YOUR TASK:
Once the line containing "Happy Birthday card" is found, set down that line and each one after it exactly, through the end of the entries.

DATA TO USE:
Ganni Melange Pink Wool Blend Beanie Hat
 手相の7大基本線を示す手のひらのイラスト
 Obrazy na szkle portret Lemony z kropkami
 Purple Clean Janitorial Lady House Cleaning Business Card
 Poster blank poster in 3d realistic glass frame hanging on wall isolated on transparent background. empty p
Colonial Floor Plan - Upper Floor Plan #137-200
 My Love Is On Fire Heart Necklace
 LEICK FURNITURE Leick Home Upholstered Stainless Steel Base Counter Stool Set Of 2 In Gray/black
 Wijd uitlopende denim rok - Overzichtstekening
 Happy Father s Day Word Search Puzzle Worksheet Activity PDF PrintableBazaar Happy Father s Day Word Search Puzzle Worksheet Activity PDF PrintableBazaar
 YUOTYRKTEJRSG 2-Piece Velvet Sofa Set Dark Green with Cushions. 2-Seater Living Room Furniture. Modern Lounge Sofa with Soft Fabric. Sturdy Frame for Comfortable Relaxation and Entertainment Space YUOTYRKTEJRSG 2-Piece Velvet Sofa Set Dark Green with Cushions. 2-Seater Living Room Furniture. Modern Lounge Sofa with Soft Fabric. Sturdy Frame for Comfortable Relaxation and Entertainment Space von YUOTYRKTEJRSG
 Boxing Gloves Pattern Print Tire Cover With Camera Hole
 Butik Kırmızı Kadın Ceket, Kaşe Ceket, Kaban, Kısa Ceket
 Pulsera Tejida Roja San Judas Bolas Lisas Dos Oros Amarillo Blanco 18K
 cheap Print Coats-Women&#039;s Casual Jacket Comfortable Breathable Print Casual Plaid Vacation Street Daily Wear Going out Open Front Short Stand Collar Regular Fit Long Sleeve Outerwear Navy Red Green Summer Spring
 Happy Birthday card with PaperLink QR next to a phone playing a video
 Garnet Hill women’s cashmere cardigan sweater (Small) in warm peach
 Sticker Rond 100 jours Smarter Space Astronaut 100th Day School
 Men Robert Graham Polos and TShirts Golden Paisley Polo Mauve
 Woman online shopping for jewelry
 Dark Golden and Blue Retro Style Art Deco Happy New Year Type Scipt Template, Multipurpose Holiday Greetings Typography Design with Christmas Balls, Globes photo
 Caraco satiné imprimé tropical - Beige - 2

OUTPUT OF THE EXERCISE:
 Happy Birthday card with PaperLink QR next to a phone playing a video
 Garnet Hill women’s cashmere cardigan sweater (Small) in warm peach
 Sticker Rond 100 jours Smarter Space Astronaut 100th Day School
 Men Robert Graham Polos and TShirts Golden Paisley Polo Mauve
 Woman online shopping for jewelry
 Dark Golden and Blue Retro Style Art Deco Happy New Year Type Scipt Template, Multipurpose Holiday Greetings Typography Design with Christmas Balls, Globes photo
 Caraco satiné imprimé tropical - Beige - 2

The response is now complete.